You Can't Push a Rope, but You Can Pull It
Push starting an entire economy is an impossible task.
You can't push a rope, you have to pull it.
Reviving an entire supply chain from a dead stop is something that I’m not sure has ever been done.
Perhaps the post WWII era is the closest thing - but it took the entire productive capacity of America to do it.
It is a tough task, because it isn’t just a few links that are broken, it is that all links are broken, and that means all of them must start, in balance, simultaneously. It is a lot like bringing a nuclear power plant back online, all systems must come up at once, at the same levels and at the same timing.
Now, think about how a nation under communism is like that global supply chain.

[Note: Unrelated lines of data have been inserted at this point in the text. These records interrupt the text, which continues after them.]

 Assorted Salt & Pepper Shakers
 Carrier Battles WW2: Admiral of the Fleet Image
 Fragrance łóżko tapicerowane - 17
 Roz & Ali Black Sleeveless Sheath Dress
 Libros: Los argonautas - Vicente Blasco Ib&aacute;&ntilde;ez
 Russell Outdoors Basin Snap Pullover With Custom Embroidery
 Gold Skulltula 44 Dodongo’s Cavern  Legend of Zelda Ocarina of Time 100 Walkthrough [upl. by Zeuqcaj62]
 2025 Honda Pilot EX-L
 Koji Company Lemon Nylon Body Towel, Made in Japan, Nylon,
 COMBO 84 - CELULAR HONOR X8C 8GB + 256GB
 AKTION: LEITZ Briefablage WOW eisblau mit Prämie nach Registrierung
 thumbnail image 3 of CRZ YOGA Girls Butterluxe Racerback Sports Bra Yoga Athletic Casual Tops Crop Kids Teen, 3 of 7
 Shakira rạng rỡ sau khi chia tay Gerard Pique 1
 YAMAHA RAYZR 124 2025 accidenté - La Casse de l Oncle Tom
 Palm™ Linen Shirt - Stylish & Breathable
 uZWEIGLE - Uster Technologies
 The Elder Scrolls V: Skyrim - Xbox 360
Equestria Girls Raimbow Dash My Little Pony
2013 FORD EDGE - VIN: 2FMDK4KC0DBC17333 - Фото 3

Something we in manufacturing have dealt with since the implementation of the “pull” system inventory system, rather than a “push” system.
Push systems work on the production capacity of the producer – they run until the warehouse is full regardless of the consumption of the inventory. They are designed to maximize the efficiency of the producer, not the efficiency of the entire production system. In the bad old days, it was not uncommon to see piles of inventory stacked up between operations in a factory or racks full of pallets of product that sit for long periods of time before being used, then the faster operations have to stop and wait on the slower ones.
Pull systems set inventory levels based on the consumption of the next downstream operation. As product is depleted from storage, that is the amount of signal sent to the preceding operation to produce to refill the inventory queue. Pull systems are designed to maximize the efficiency of the entire system or production process by keeping product moving through the production process and avoiding investment in materials that just sit around collecting dust. Adding value is the name of the game, sitting product is dead money, something to be avoided.
Push systems are analogous to communist systems, where the plan determines inventory and balances (it never does) supply and demand.
Pull systems are analogous to capitalist systems where price is the signal to pull inventory to balance supply and demand.
It is not a perfect analogy but pretty close.
The point being is that Biden can’t issue a bunch of executive orders to restart an entire economy because there is no plan for this. Pushing by focusing on links in the chain guarantees imbalances and bottlenecks because there is simply not enough brain or computing power in concentration to foresee every single variable of an infinitely variable entity the size of a national economy.
The economy must restart itself and the best thing government can do is to get out of the way and let the market work to pull inventory through the system at the most efficient rate.
As the Special Operations community says, “Slow is smooth. Smooth is fast.”